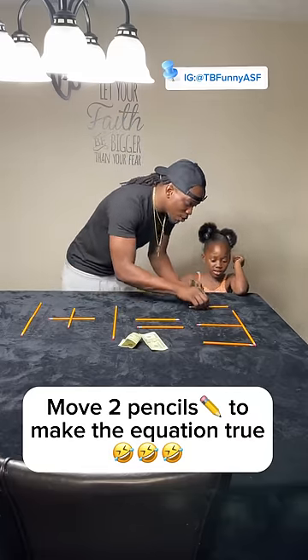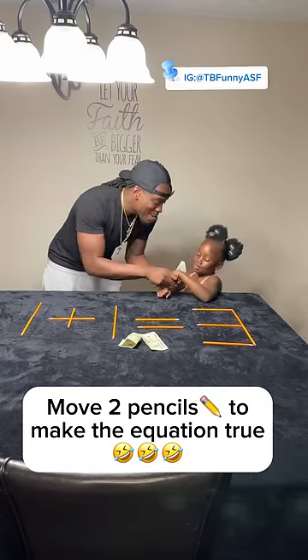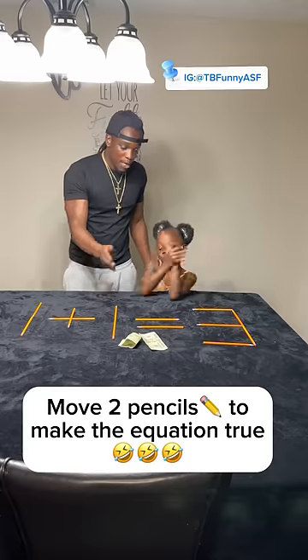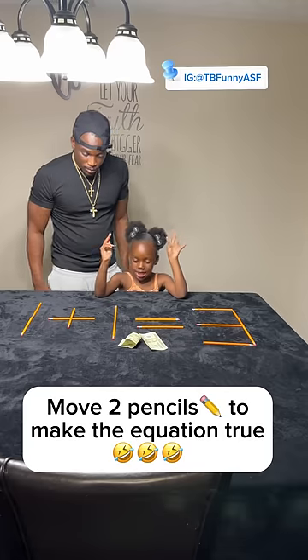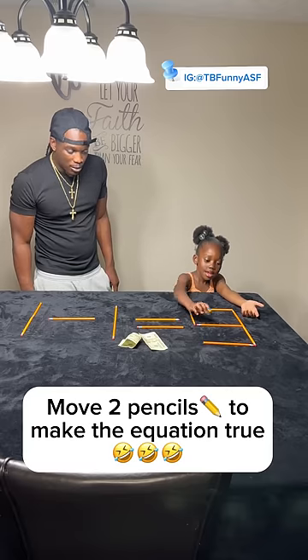You touched the pencil, so that means you gotta play. The rule to this one is: move two pencils to make this equation true. Move two pencils — one plus one equals three — so move two to make it true. Come on, all right, one more pencil.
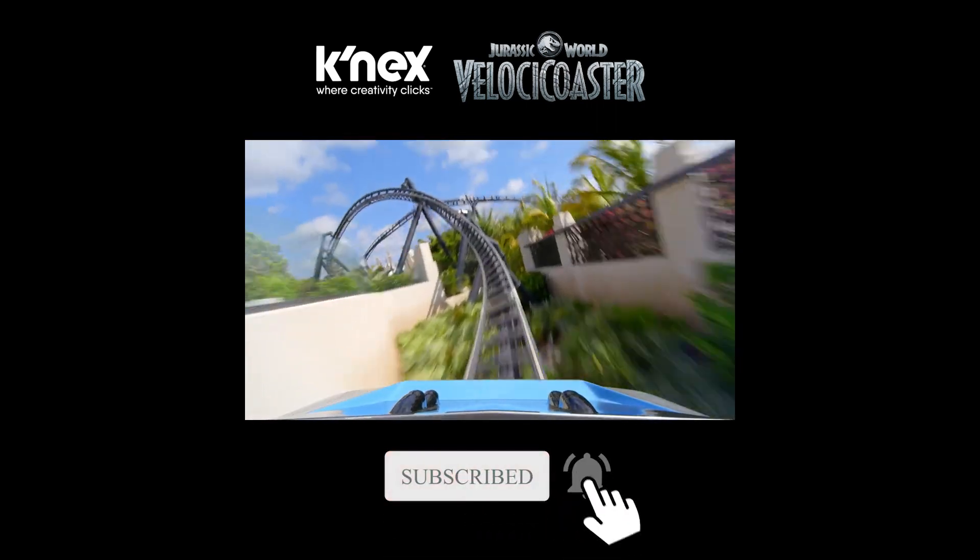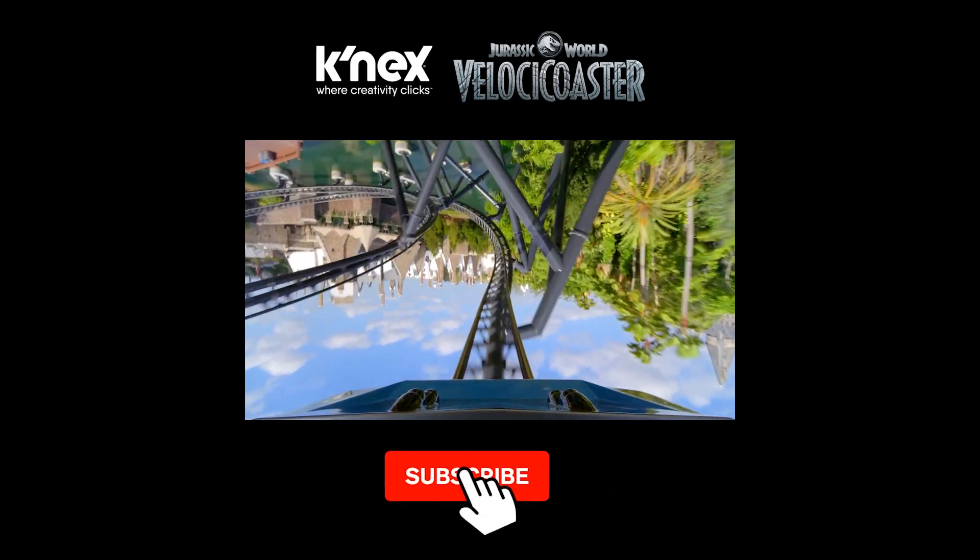Don't forget to like and subscribe for more videos, as I will keep them coming on this channel. Thank you guys — I'll see you next time on the Coaster Crafter channel. Peace!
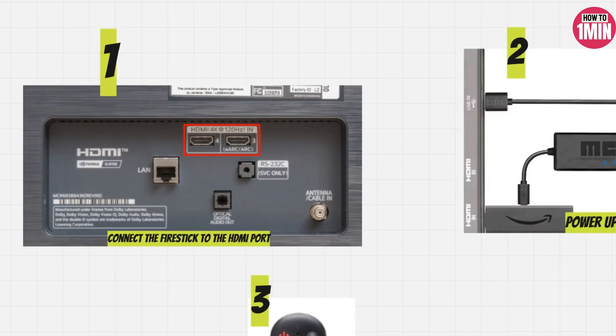Hello everyone, welcome to my video. In this video I will guide you on how you can connect Amazon Fire Stick to LG TV. Let's not waste any more time and dive into the guide.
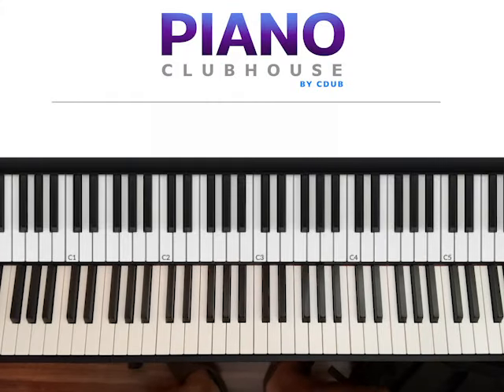Hello! This is David with Piano Clubhouse, and today I would like to show you the song 'My God Can' by Katy Nichole.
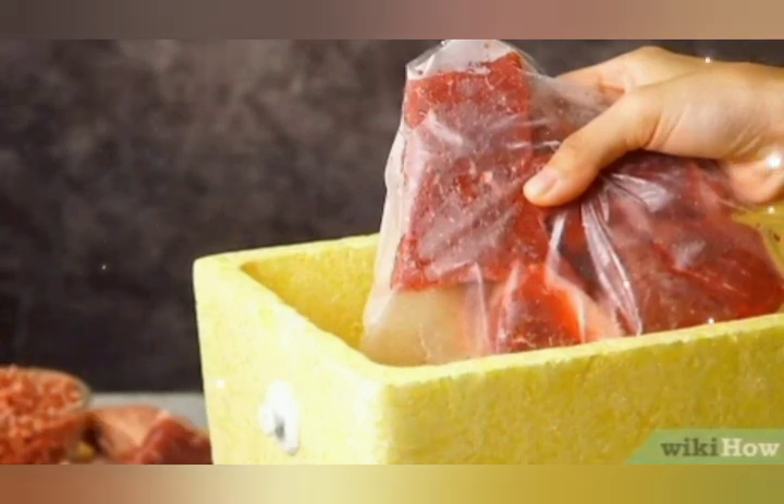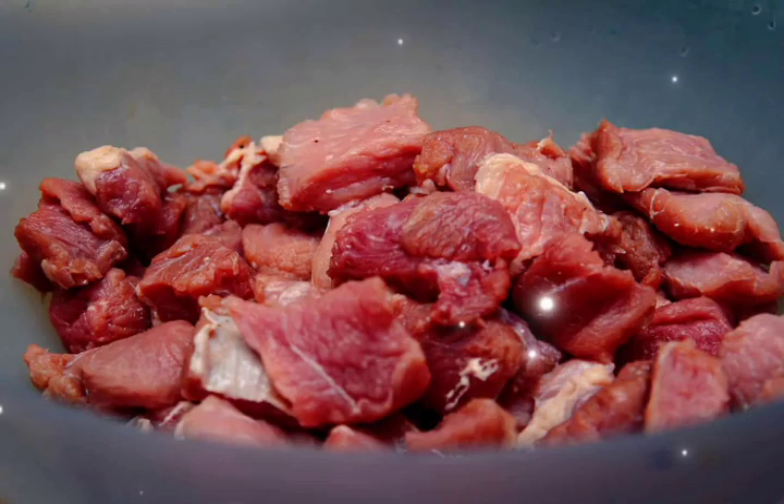This meat can be stored up to 3 to 6 months without spoiling or loss of taste, and when you cook it, the taste will be the same.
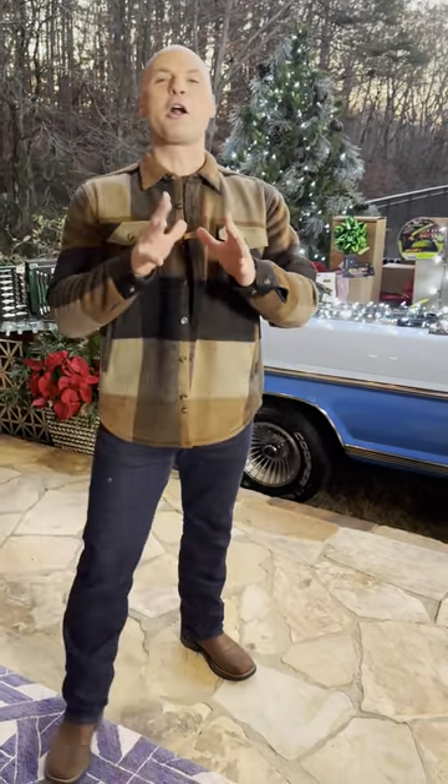Hey, Chip Wade here. Just finished filming a live morning show broadcast on Fox & Friends talking about some of my favorite tools and items for getting ready for the holiday season.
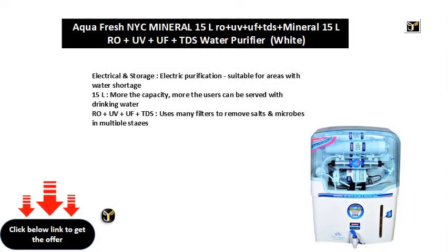Electrical and storage, electric purification, suitable for areas with water shortage. 15L — the more the capacity, the more users can be served with drinking water.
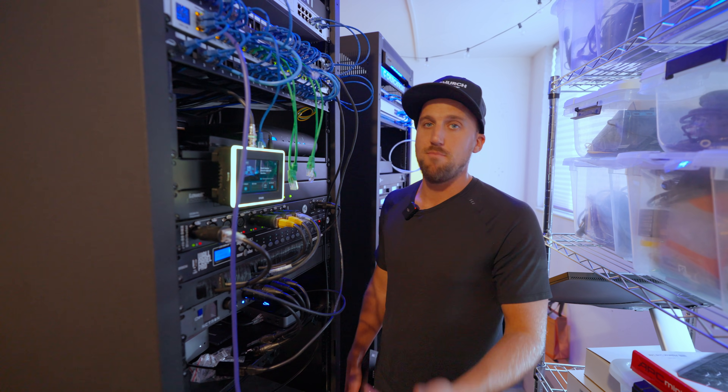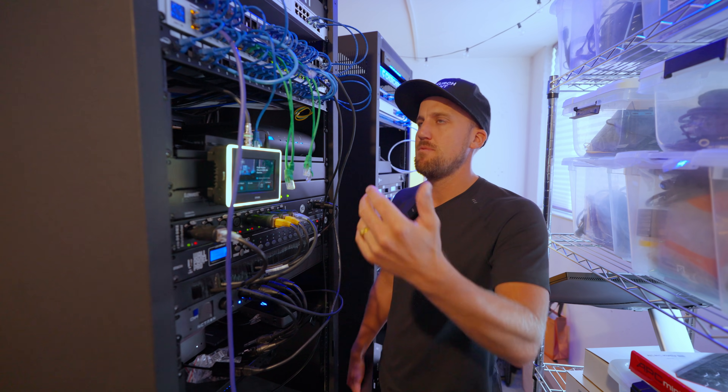Another cool use case I've seen of KVMs in a church is having a KVM workstation on your stage next to a drum set or keyboard position, where your music director controls Ableton or whatever track software you're using. Someone else on the production team can remote in to that workstation with KVM to help set up the tracks session or configure MIDI cues going to ProPresenter. Just another handy use case for a KVM scenario.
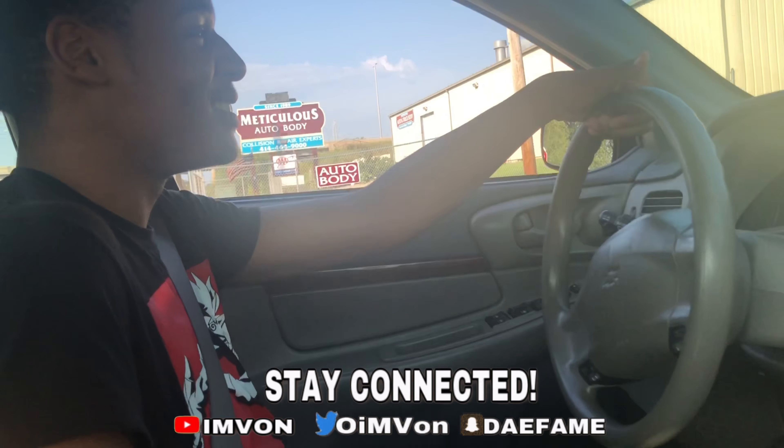Y'all finna go see me get some motherfuckin buckets. So yeah, make sure y'all hit that — subscribe. And turn on the post notifications. Come on, we out. We out. We out. Thank you.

• [Instructions for the task]:
Skip the pictures and give the entries above again word for word.

• [Written reply]:
You touched the pencil, so that means you gotta play. The rule to this one is: move two pencils to make this equation true. Move two pencils — one plus one equals three — so move two to make it true. Come on, all right, one more pencil.
Don't forget to like and subscribe for more videos, as I will keep them coming on this channel. Thank you guys — I'll see you next time on the Coaster Crafter channel. Peace!
Hello everyone, welcome to my video. In this video I will guide you on how you can connect Amazon Fire Stick to LG TV. Let's not waste any more time and dive into the guide.
Hello! This is David with Piano Clubhouse, and today I would like to show you the song 'My God Can' by Katy Nichole.
This meat can be stored up to 3 to 6 months without spoiling or loss of taste, and when you cook it, the taste will be the same.
Hey, Chip Wade here. Just finished filming a live morning show broadcast on Fox & Friends talking about some of my favorite tools and items for getting ready for the holiday season.
Electrical and storage, electric purification, suitable for areas with water shortage. 15L — the more the capacity, the more users can be served with drinking water.
Another cool use case I've seen of KVMs in a church is having a KVM workstation on your stage next to a drum set or keyboard position, where your music director controls Ableton or whatever track software you're using. Someone else on the production team can remote in to that workstation with KVM to help set up the tracks session or configure MIDI cues going to ProPresenter. Just another handy use case for a KVM scenario.
Y'all finna go see me get some motherfuckin buckets. So yeah, make sure y'all hit that — subscribe. And turn on the post notifications. Come on, we out. We out. We out. Thank you.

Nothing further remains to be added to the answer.